There’s a constant tendency in the marketing community to throw out long-established marketing concepts in favor of something new.
The classic “4Ps” (Product, Price, Promotion, Place) is often in the crosshairs, sometimes with new Ps like “Purpose”, “People”, “Process”, “Performance”, or “Personalization” thrown haphazardly into the marketing mix.
Mark Ritson recently mocked this behavior by launching a “Four P Regenerator” that randomly creates new jargon starting with the letter P so that every marketer can have their very own reinvented 4Ps.
In a recent MarketingWeek editorial, Mark shared the history of the 4Ps as a marketing tool invented by a PhD student named Jerry McCarthy in 1959. Mark writes:
“Discovering that a marketing concept is 60 years old elicits one of two possible responses. For a well-trained marketer who knows McCarthy’s work and appreciates disciplinary rigour, six decades signals robustness and consistency.
“But if you are a ‘modern marketer’ – low on disciplinary knowledge and unable to discern the constant evolution of tactics from the broader, unchanging nature of the marketing mission – 60 years is indicative of something that is surely out of date.”
The 4 Ps remains a simple but effective encapsulation of the levers of marketing, even as the marketing role has gotten more specialized over the years, often centered around the single “P” of Promotion.
Yet the marketing role has always had an element of “responsibility without authority” and so marketers have to learn to manage by influence. Russell Parsons urged marketers a few years ago to reclaim all 4Ps.
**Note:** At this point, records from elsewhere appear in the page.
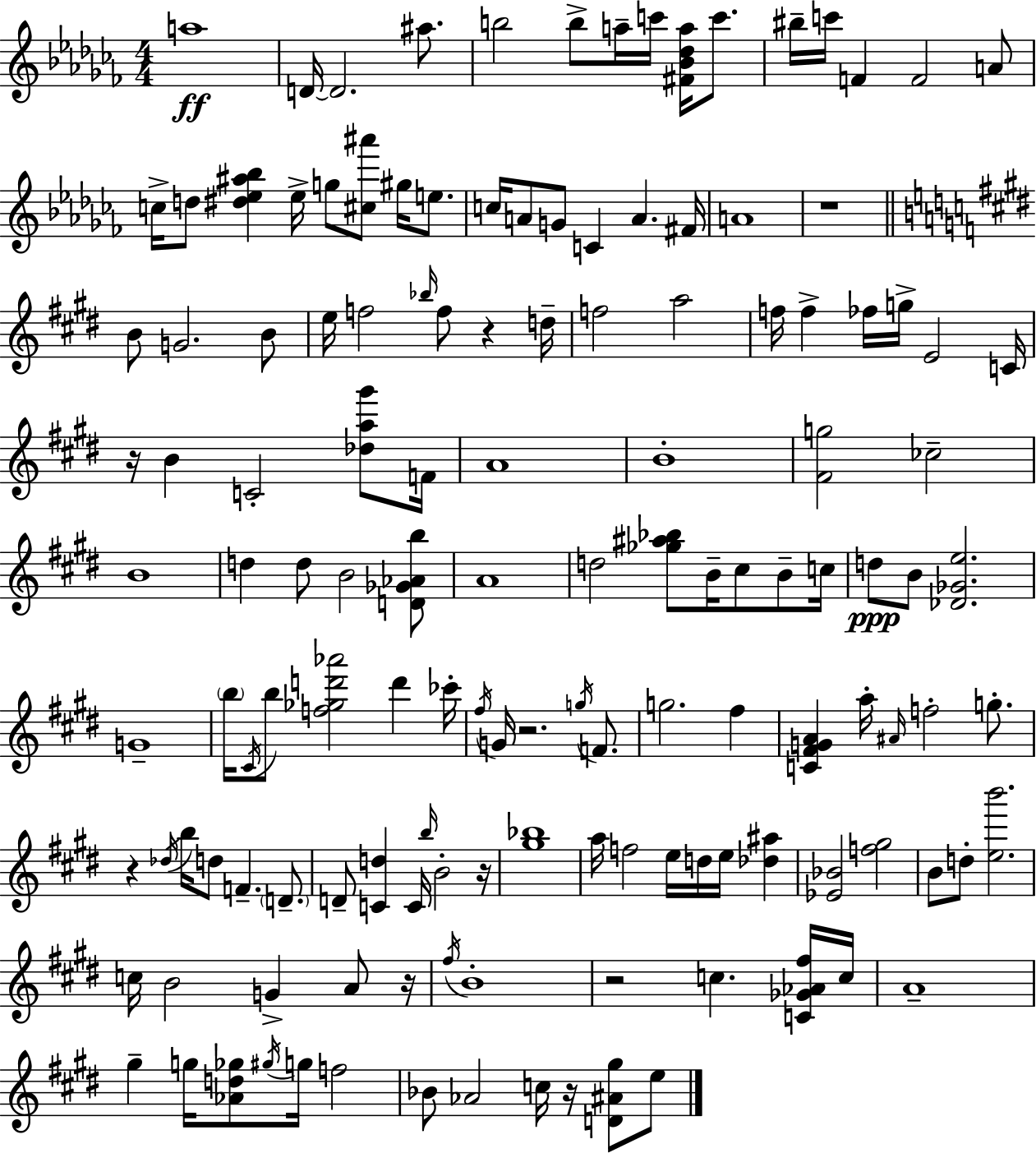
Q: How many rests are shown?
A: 9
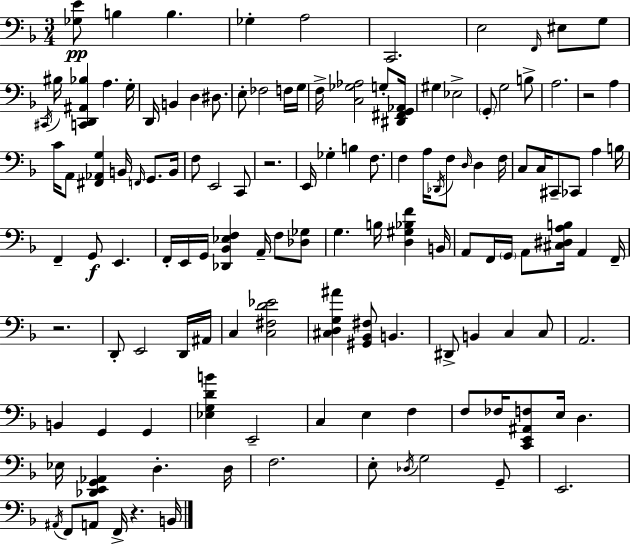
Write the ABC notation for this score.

X:1
T:Untitled
M:3/4
L:1/4
K:Dm
[_G,E]/2 B, B, _G, A,2 C,,2 E,2 F,,/4 ^E,/2 G,/2 ^C,,/4 ^B,/4 [C,,D,,^A,,_B,] A, G,/4 D,,/4 B,, D, ^D,/2 E,/2 _F,2 F,/4 G,/4 F,/4 [C,_G,_A,]2 G,/2 [^D,,^F,,G,,_A,,]/4 ^G, _E,2 G,,/2 G,2 B,/2 A,2 z2 A, C/4 A,,/2 [^F,,_A,,G,] B,,/4 F,,/4 G,,/2 B,,/4 F,/2 E,,2 C,,/2 z2 E,,/4 _G, B, F,/2 F, A,/4 _D,,/4 F,/2 D,/4 D, F,/4 C,/2 C,/4 ^C,,/2 _C,,/2 A, B,/4 F,, G,,/2 E,, F,,/4 E,,/4 G,,/4 [_D,,_B,,_E,F,] A,,/4 F,/2 [_D,_G,]/2 G, B,/4 [D,^G,_B,F] B,,/4 A,,/2 F,,/4 G,,/4 A,,/2 [^C,^D,A,B,]/4 A,, F,,/4 z2 D,,/2 E,,2 D,,/4 ^A,,/4 C, [C,^F,D_E]2 [^C,D,G,^A] [^G,,_B,,^F,]/2 B,, ^D,,/2 B,, C, C,/2 A,,2 B,, G,, G,, [_E,G,DB] E,,2 C, E, F, F,/2 _F,/4 [C,,E,,^A,,F,]/2 E,/4 D, _E,/4 [_D,,E,,G,,_A,,] D, D,/4 F,2 E,/2 _D,/4 G,2 G,,/2 E,,2 ^A,,/4 F,,/2 A,,/2 F,,/4 z B,,/4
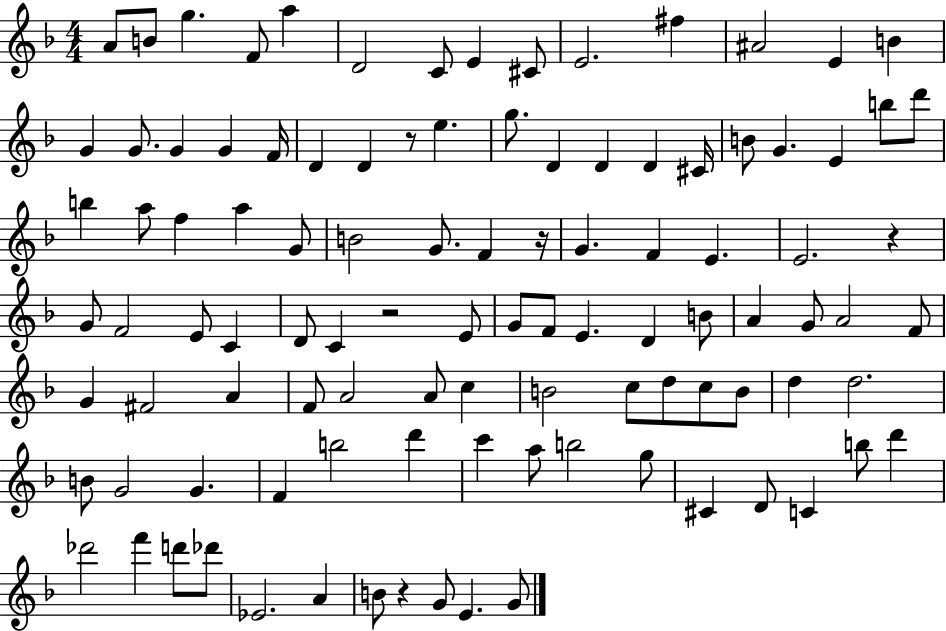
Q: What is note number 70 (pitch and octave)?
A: D5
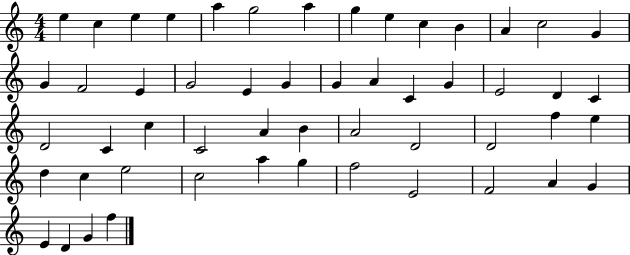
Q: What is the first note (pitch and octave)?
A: E5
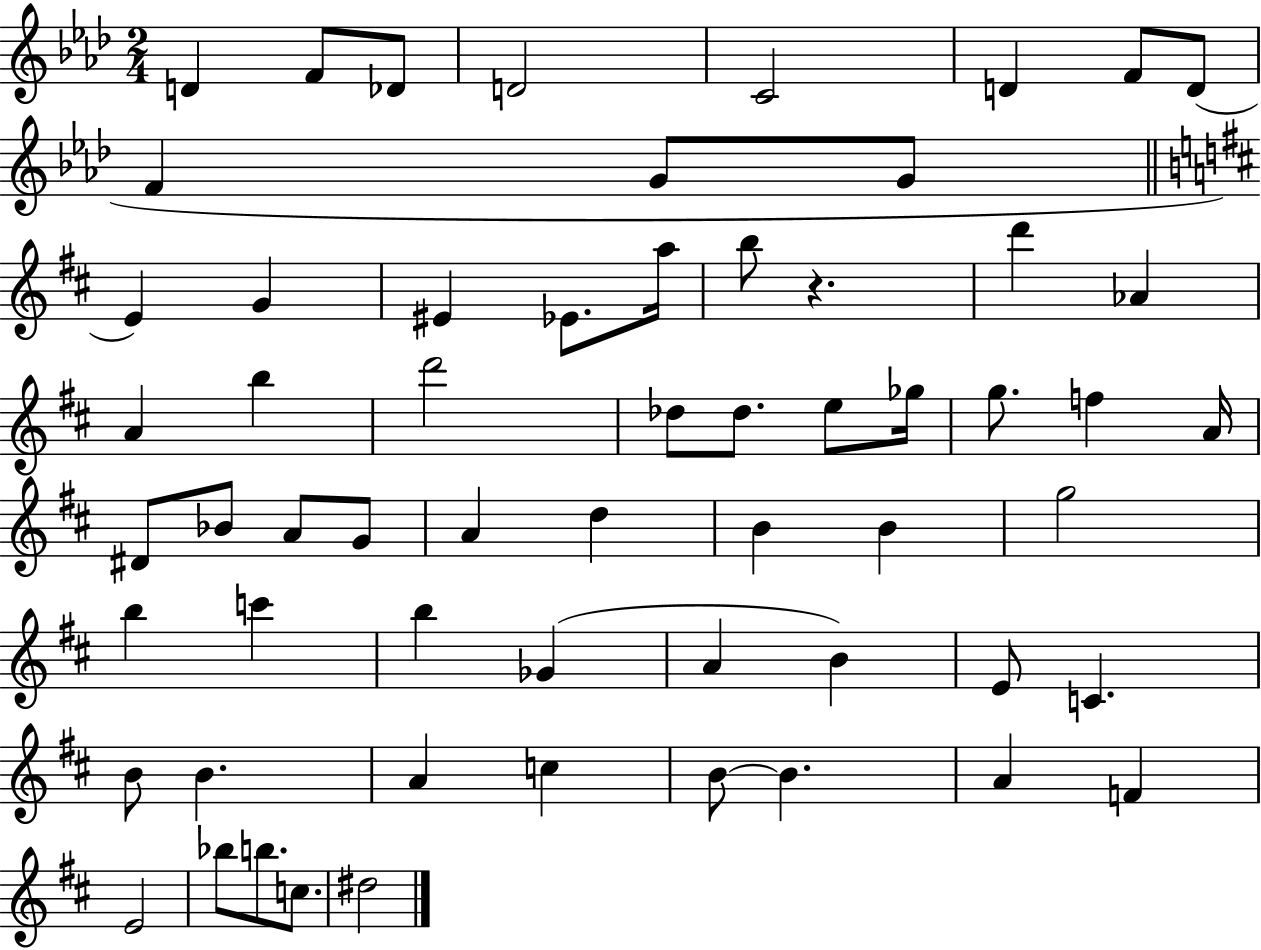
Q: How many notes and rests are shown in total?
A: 60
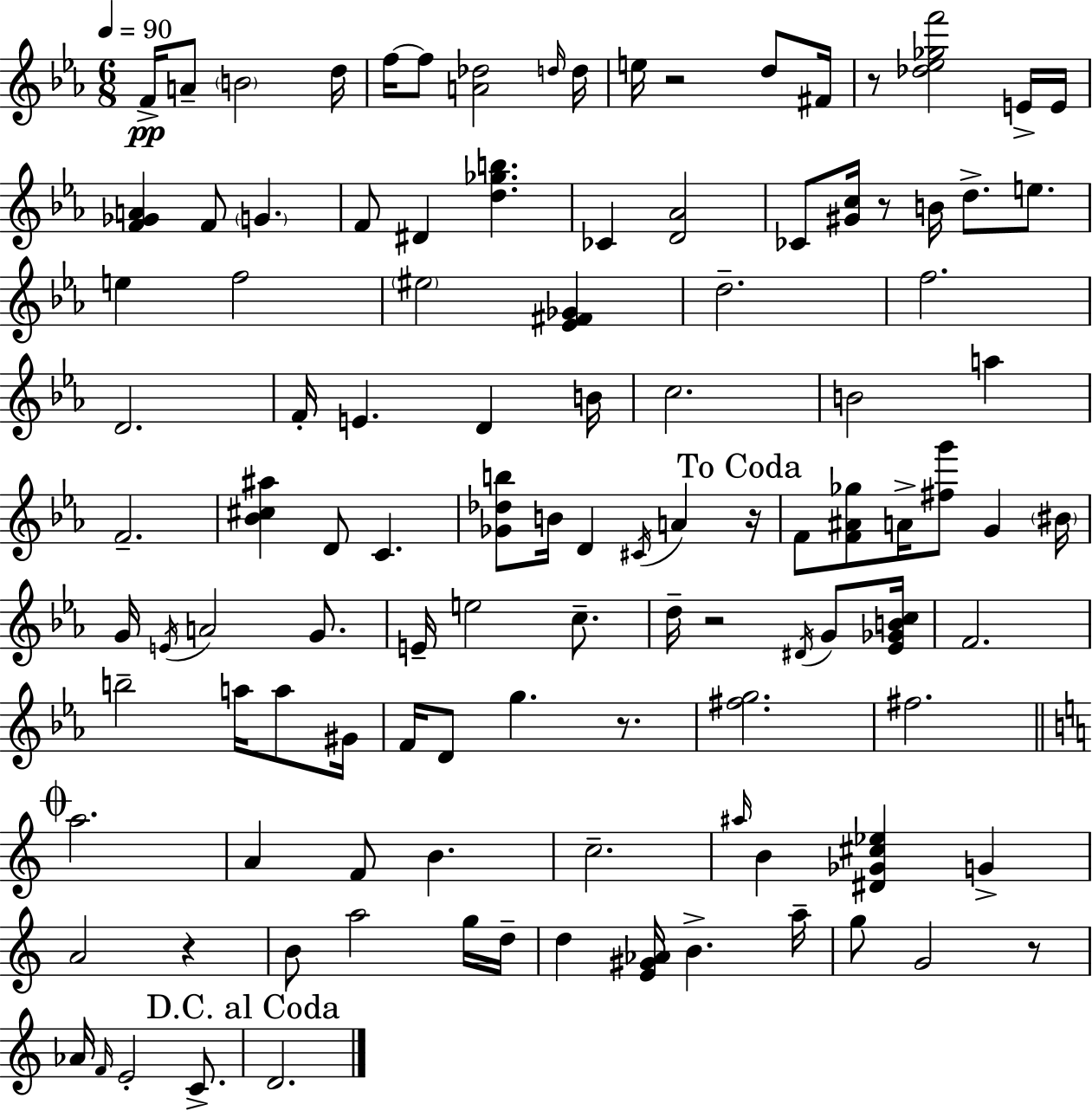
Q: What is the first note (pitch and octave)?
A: F4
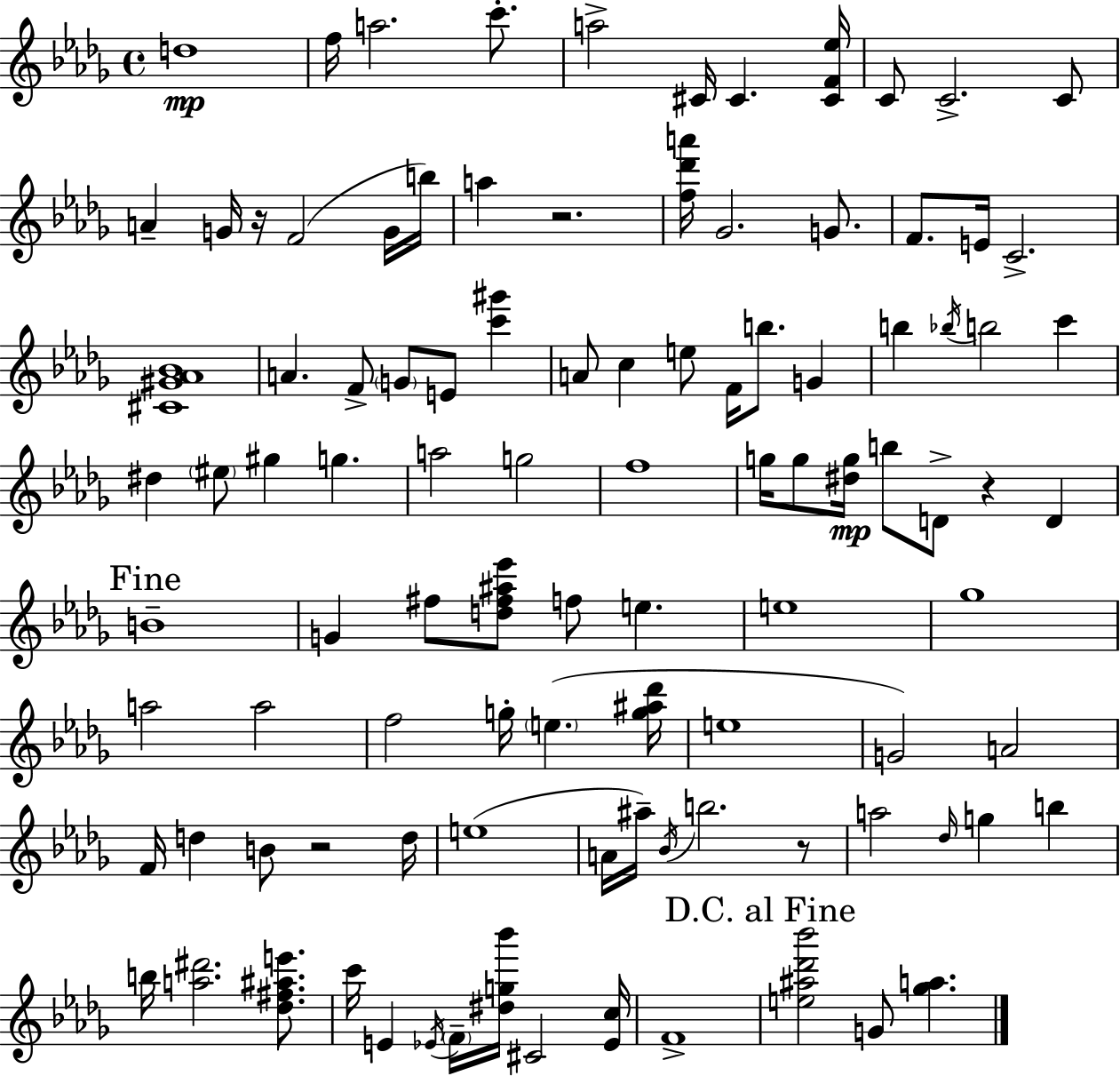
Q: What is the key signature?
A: BES minor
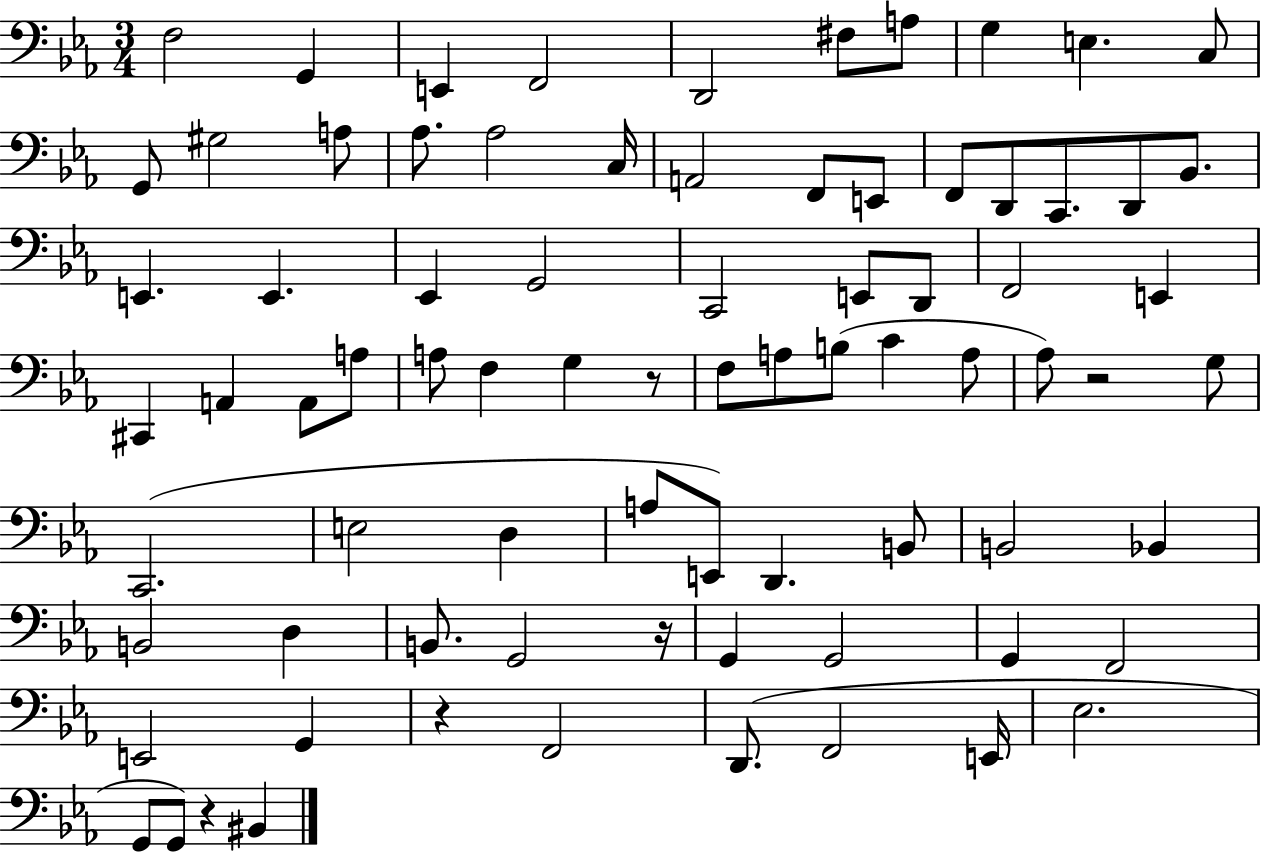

As Russell put it,
“Leave marketers out of the decision making on price and you’re robbed of the insight, understanding and sensitivity to the customer’s needs. Take away their influence over place, and you risk decisions being made on the basis of cost at the expense of customer experience. Eradicate input on product and you get innovation for innovation’s sake.”
And in response to the rise of digital marketing, I like this observation from Mark Ritson:
“We do not need to change the four Ps because of digital. We need to understand that the constituent elements that make up the four Ps have changed – will continue to change – as time moves on.”
Or as Diageo CEO Ivan Menzes put it a few years ago: “It is not about doing ‘digital marketing’, it is about marketing effectively in a digital world.”